Николай Гейнце - Малюта Скуратов
Вспоминает царь, что когда посланные с этою головою принесли ее сверженному митрополиту, заточенному в Николаевской обители, и сказали, как велел Иоанн: «Се твой любимый сродник; не помогли ему твои чары», Филипп встал, взял голову, благословил ее и возвратил принесшему.
Так передал царю Малюта, бывший во главе этого жестокого посольства.
«Кто прав из нас, кто виноват?» — все продолжал оставаться неразрешенным роковой вопрос.
И теперь все еще идет следствие по этому делу. Малюта пытает Колычевых — родственников Филиппа, а доказательств вины его, настоящих, ясных доказательств, что-то не видно. В минуты просветления это сознает и сам царь.
Такая минута наступила для него и теперь.
— Он, он прав, а не я! — болезненно вскрикивал Иоанн.
И, немилосердно бия себя в перси, царь падает ниц перед образницей, освещенной несколькими лампадами.
Тяжелые стоны вырываются у него из груди, все его тело колышется в истерическом припадке.
В этот момент в опочивальню, звеня ключами, вошел Малюта.
Он остановился у дверей и стал пережидать окончания молитвы царя.

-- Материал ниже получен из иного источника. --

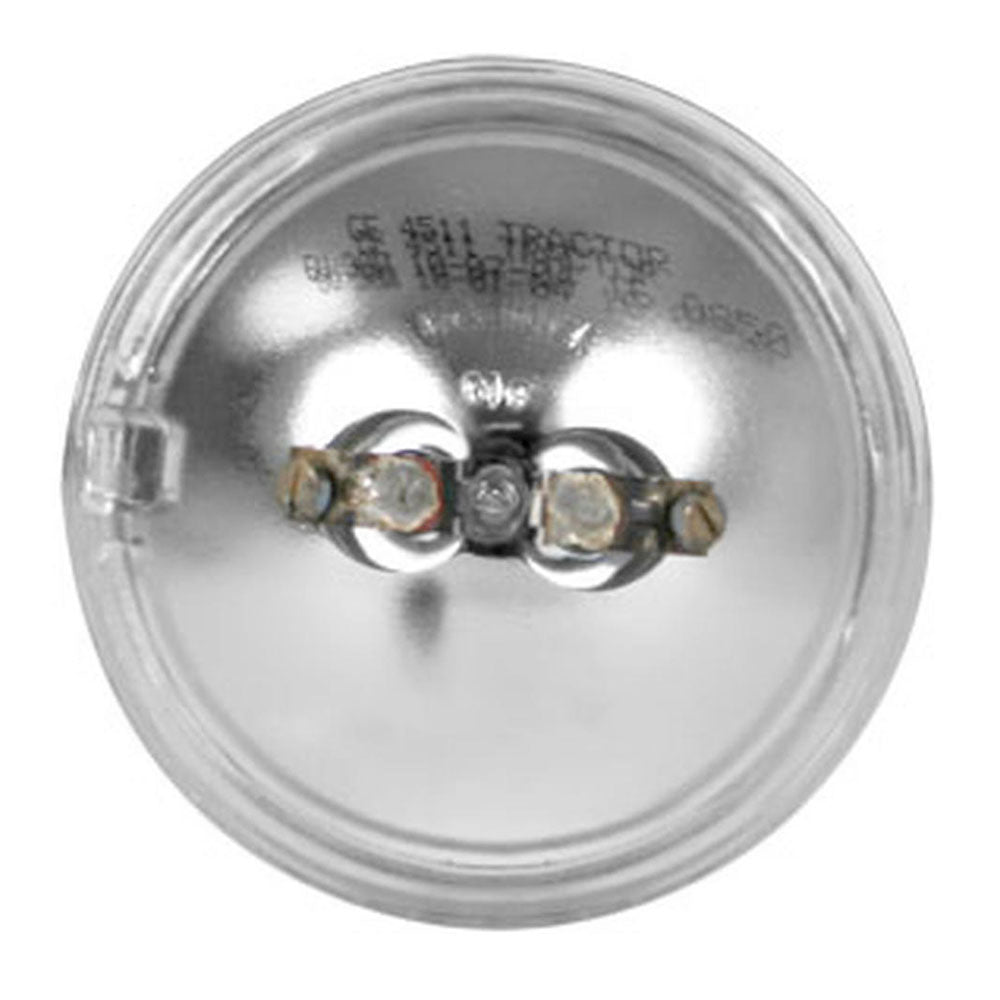 6V Sealed Beam Bulb Fits Ford New Holland Replaces 28A121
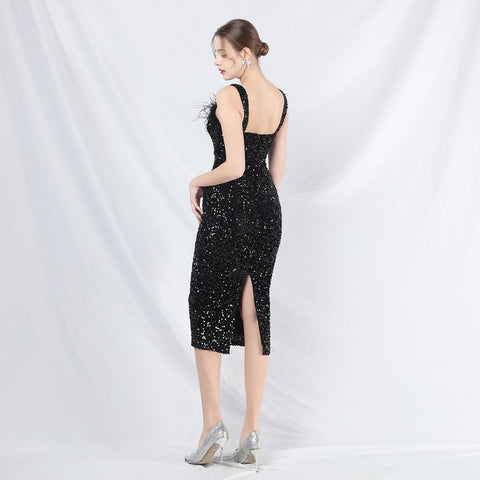 Rock the Party Evening Dress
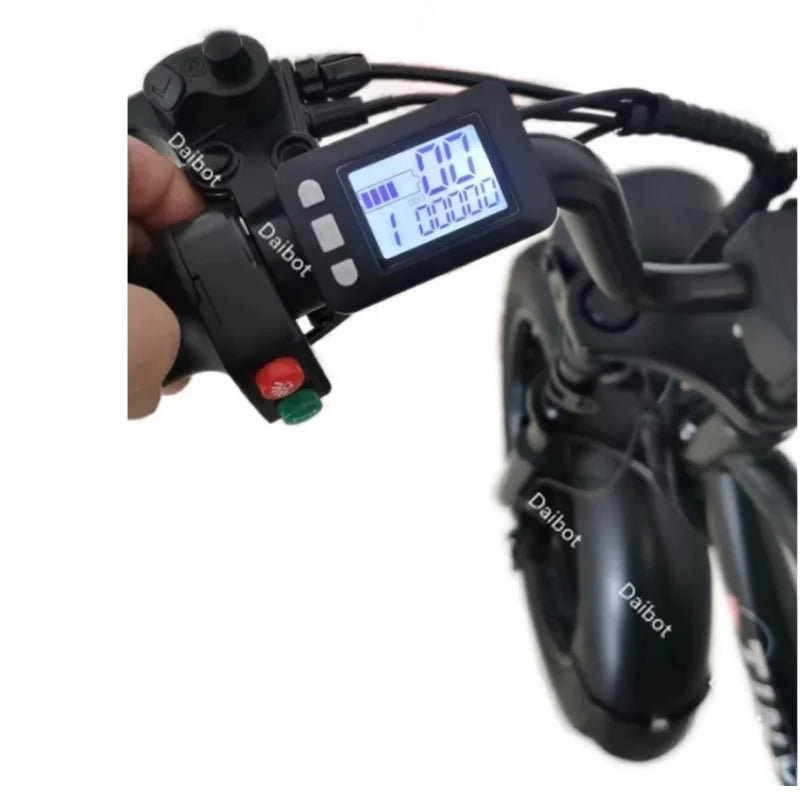 500W 48V Fat Tire Adults 3 Wheel Electric Tricycle With Passenger Seat/Rear Basket Removable Battery Electric Bike For 2 People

С той памятной ночи, когда мы видели его в рыбацком шалаше, он страшно изменился: щеки осунулись, скулы еще более выдвинулись, а раскосые глаза, казалось, горели, если это только было возможно, еще более злобным огнем.
Иоанн кончил молиться, с трудом приподнялся с пола, в изнеможении опустился на кровать и заметил своего любимца.
— Ну, что, сознались? — с сверкнувшим из-под нависших бровей взором спросил он.
В его голосе послышались ноты тревожного сомнения и нетерпеливого ожидания.
— Сознались, великий государь, во всем сознались, лиходеи, — мрачно ответил Григорий Лукьянович.
Царь вскинул на него удивленно-радостный взгляд.
Значит он… он… виноват! — с дрожью в голосе воскликнул Иоанн.
— Зря тревожишь ты себя, государь, из-за чернеца злонамеренного… Вестимо, виноват… Зазнался поп, думал, как Сильвестр, не к ночи будь он помянут, твою милость оседлать и властвовать, а не удалось — к твоим ворогам переметнулся…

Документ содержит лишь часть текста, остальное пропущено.